Published May 14, 2009, 07:58 AM

Thune: EPA rules may ‘kill’ ethanol in America

Members of South Dakota’s congressional delegation on Wednesday lashed out at what they perceive as “questionable” and “ridiculous” land-use models that they feel could devastate the American biofuels industry.

By: Korrie Wenzel, The Daily Republic

Members of South Dakota’s congressional delegation on Wednesday lashed out at what they perceive as “questionable” and “ridiculous” land-use models that they feel could devastate the American biofuels industry.

Rep. Stephanie Herseth Sandlin, in a statement sent to the media, and Sen. John Thune, during a conference call, both derided an Environmental Protection Agency proposal to determine the carbon footprint left by the biofuels industry, and especially in relation to ethanol production. The delegates say the EPA’s proposed standards are based on unscientific, “indirect” uses and would create a much larger carbon footprint than the industry truly has.

If the standards are implemented, they both predict doom for the biofuels industry.

“These new EPA rules … would effectively kill renewable fuels in South Dakota and across the country because of environmental extremism within the EPA,” said Thune, a Republican who grew up in Murdo. “By destroying our biofuels industry, the EPA is undoing a great domestic energy achievement by ensuring our energy dependence on hostile regimes.”

As part of implementing the national Renewable Fuels Standard — which requires the use of 36 billion gallons of renewable fuels by 2022 — the EPA has issued a proposed rule that ethanol plants produce 20 percent less carbon than the gasoline industry. The problem, Thune and Herseth Sandlin said Wednesday, is that the EPA now wants to factor in not only the direct greenhouse gases that result from actual ethanol production, but also the impact of indirect land uses around the world that the EPA has linked to ethanol.

“That could include any changes for any reason that may not have anything to do with ethanol production,” Thune said. “For example, some ethanol detractors incorrectly feel that producing corn for ethanol results in less grain available to feed people and less grain for exports. They believe, then, that if another country tills additional land to raise corn for food, this is an indirect land use (related to ethanol) … and therefore should be calculated into the ethanol industry’s carbon footprint.”

By using such vast indirect land use calculations, Thune said the EPA has concluded that the carbon footprint of the corn ethanol industry is actually 5 percent higher than that of gasoline — not 20 percent lower, as required by the energy bill’s RFS.

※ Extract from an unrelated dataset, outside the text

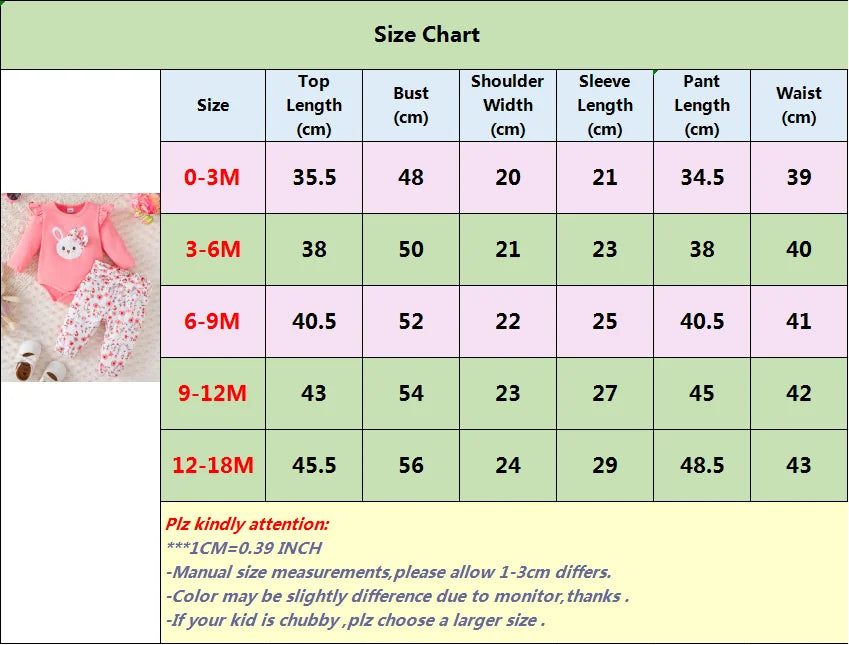 4pcs Baby Girl Cartoon Rabbit Long Sleeve Jumpsuit+Small Floral Pants+Hairband+Belt Set 0-18 Months Baby Girl Spring  Autumn Set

Herseth Sandlin, a Democrat from Houghton, calls it a “controversial proposed rule” based on a “questionable model.”

“Simply put,” she said, “EPA’s proposal threatens the progress our nation has made over many years in advancing clean-burning, homegrown biofuels. The future of biofuels, and the many jobs the industry has created, is at stake.”

Thune called the EPA’s proposed standards “ridiculous measurements” based less on science and more on “science fiction.”

South Dakota’s ethanol industry has exploded in recent years. According to statistics from the South Dakota Corn Utilization Council’s Web site, more than 14,000 South Dakotans have invested in some form of ethanol production, and the state’s production is peaking toward 1 billion gallons per year.

Twelve production plants have opened throughout South Dakota, including one in the small town of Loomis, just outside of Mitchell. The Corn Utilization Council notes that the plants have produced approximately $400 million in capital investment for South Dakota.

Sen. Tim Johnson, D-S.D., said Wednesday that the first step should be to “get the science right.”

“There is widespread agreement on the need to measure the emissions of all types of fuels. That is the whole point of ethanol being marketed as a low-emission fuel,” Johnson said in a conference call Wednesday. “What I support is forming a panel of experts to review EPA’s initial assessments and make modifications to how the agency is calculating the emissions from international agriculture practices.”

In addition, the EPA recommends biodiesel plants must be 50 percent cleaner than the gasoline industry, which Thune says is unrealistic.